Au-delà des apories inhérentes à ce qui revient en vérité à faire œuvre de barbarie, l'écrivain excelle tout particulièrement à nous faire intérioriser les sourdes angoisses d'un individu désormais confronté à l'irrémédiable. Comme ce dernier l'indique, « les hommes sont tous condamnés à mort avec des sursis indéfinis » et aucun d'entre nous ne saurait échapper à cette funeste issue. Nous pouvons dans une moindre mesure nous identifier à son sort.
Toutefois, être conscient de sa propre finalité et se voir isolé du monde des vivants sont deux expériences très différentes. La seconde est extrêmement traumatisante dans la mesure où elle implique la négation conscientisée du droit de vie d'un individu portant la marque de l'infamie par l'ensemble de la société : « Se sont-ils seulement arrêtés à cette idée poignante que dans l'homme qu'ils retranchent, il y a une intelligence ; une intelligence qui avait compté sur la vie, une âme qui ne s'est point disposée pour la mort ? ».

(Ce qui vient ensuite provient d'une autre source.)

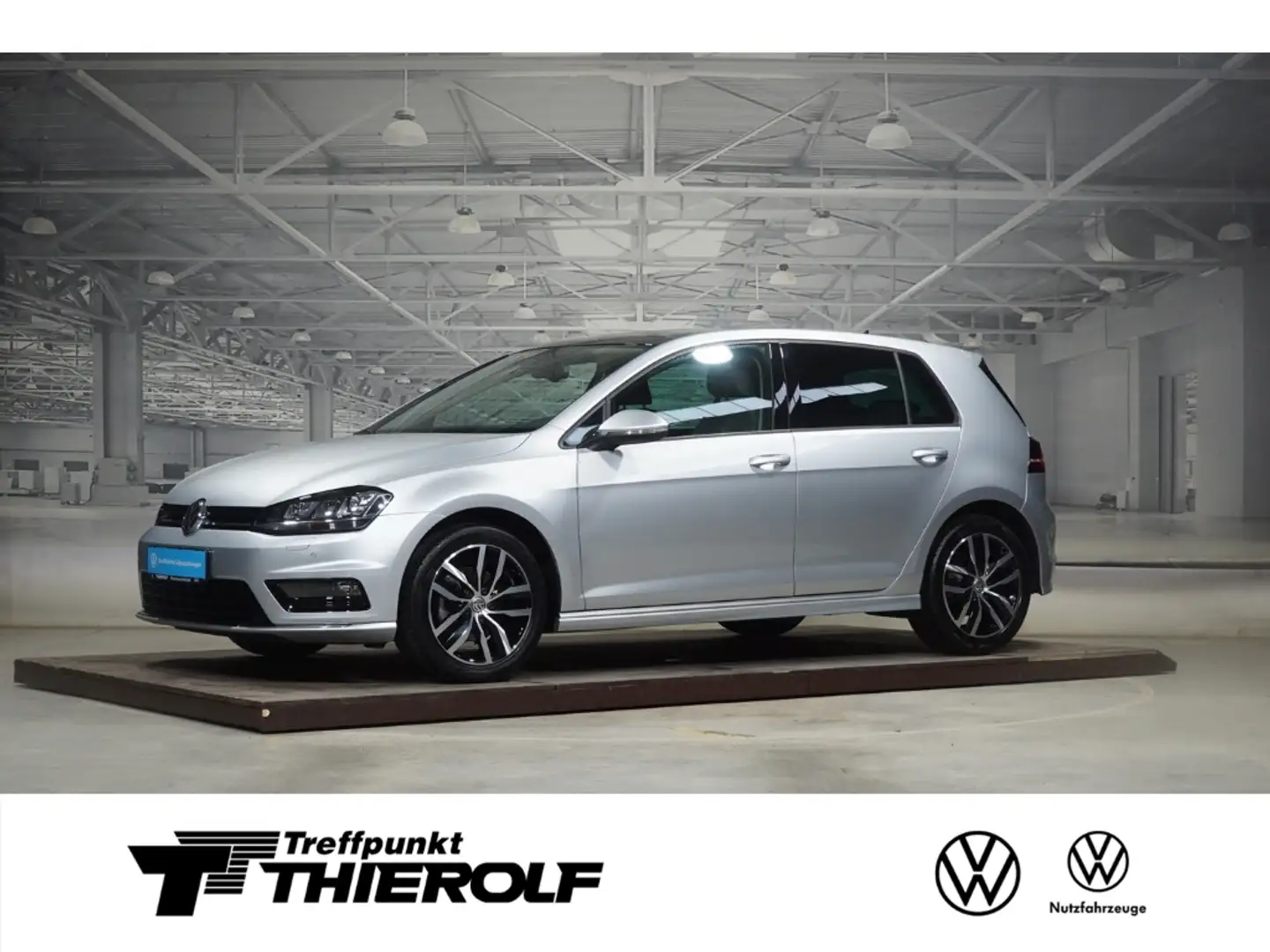 Volkswagen Golf VII 1.4 TSI Highline Pano Navi 17 Zoll Silber - 1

Pour le condamné sur le point de passer de vie à trépas, le maigre sursis dont il dispose, dans la certitude de voir sa fin advenir, renvoie à l'infernale situation vécue par le protagoniste du "Puits et du Pendule" d'Edgar Allan Poe. Dans cette nouvelle, ce dernier est attaché, allongé sur le dos. Une grande lame aiguisée se balance tel un pendule au-dessus de lui et se rapproche inexorablement de sa poitrine, sans qu'il ne puisse se dégager.
En ce qui concerne le futur exécuté, c'est le temps qui fait office de balancier et il ne lui reste plus qu'à sombrer dans l'abîme du désespoir : « Ils disent que ce n'est rien, qu'on ne souffre pas, que c'est une fin douce, que la mort de cette façon est bien simplifiée. Eh ! Qu'est-ce donc que cette agonie de six semaines et ce râle de tout un jour ? Qu'est-ce que les angoisses de cette journée irréparable, qui s'écoule si lentement et si vite ? Qu'est-ce que cette échelle de torture qui aboutit à l'échafaud ? ». La sentence de mort s'apparente alors à un déni d'humanité.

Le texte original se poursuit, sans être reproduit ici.